Diagnostic accuracy of (18)F-FP-CIT PET for clinically uncertain Parkinsonian syndrome

(18)F-FP-CIT is a high-resolution imaging marker of nigrostriatal neuronal integrity, differentiating Parkinsonism with loss of dopaminergic terminals (presynaptic Parkinsonian syndrome [PS]) from Parkinsonism without nigrostriatal degeneration (non-PS). We assessed the diagnostic accuracy of (18)F-FP-CIT PET in patients with clinically uncertain PS (CUPS) at the first visit. Among the 272 patients who underwent (18)F-FP-CIT PET imaging at the first visit between September 2008 and July 2012, 111 had CUPS (age, 62.6 ± 10.5 y; male:female, 45:66; symptom duration, 13.1 ± 8.8 months). Uncertainty criteria included only one of the three cardinal signs of Parkinsonism, two signs without bradykinesia, or atypical signs.

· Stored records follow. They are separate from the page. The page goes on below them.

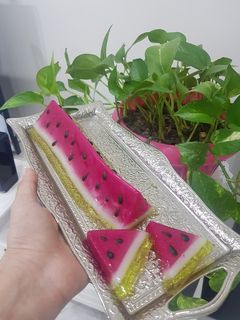 عکسی از دستور ژله هندوانه برای یلدا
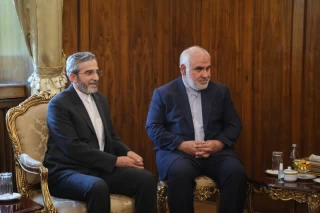 دیدار اسدالله اسدی دیپلمات آزاد شده ایرانی با وزیر امور خارجه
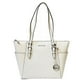 thumbnail image 1 of Cartera Michael Kors Womens Charlotte Large Logo and Leather TopZip Tote Bag Optic White 35T4SCFT7B-Opwhite, 1 of 2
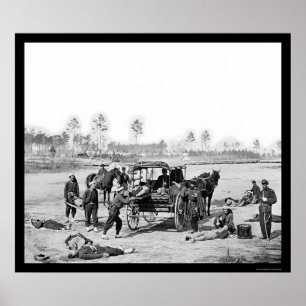 Zouave Ambulance Crew 1863 Poster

The baseline clinical and (18)F-FP-CIT PET imaging diagnostic accuracy was compared with the accuracy of clinical diagnosis after > 2-year follow-up. Nuclear medicine physicians assessed the (18)F-FP-CIT PET images visually. Focal dopamine transporter binding deficit in the posterior putamen was considered PS. Bilateral symmetric striatum without focal deficit, suggesting normal (18)F-FP-CIT PET, and focal deficits elsewhere in the striatum suggesting vascular Parkinsonism were considered non-PS. Seventy-nine patients had PS, and 32 did not. Baseline clinical diagnosis included PS in 45 patients, non-PS in 24, and inconclusive in 42. Among patients in whom initial clinical diagnosis (PS or non-PS) was possible, the sensitivity, specificity, and accuracy of the baseline clinical and (18)F-FP-CIT PET imaging diagnoses were 54.4, 50.0, and 53.2%, and 98.7, 100, and 99.1%, respectively. The respective positive and negative predictive values were 95.6 and 66.7%, and 100 and 97.0%. Among those with initially inconclusive diagnosis, 64.2% were eventually diagnosed with PS while 35.7% were diagnosed with non-PS. The final clinical diagnosis of these patients all matched those made by (18)F-FP-CIT PET imaging, except in one patient with scan without evidence of dopaminergic deficit (SWEDD). (18)F-FP-CIT PET diagnosis was more accurate than clinical diagnosis, reducing the false-negative and inconclusive clinical diagnosis rates at baseline in patients with CUPS.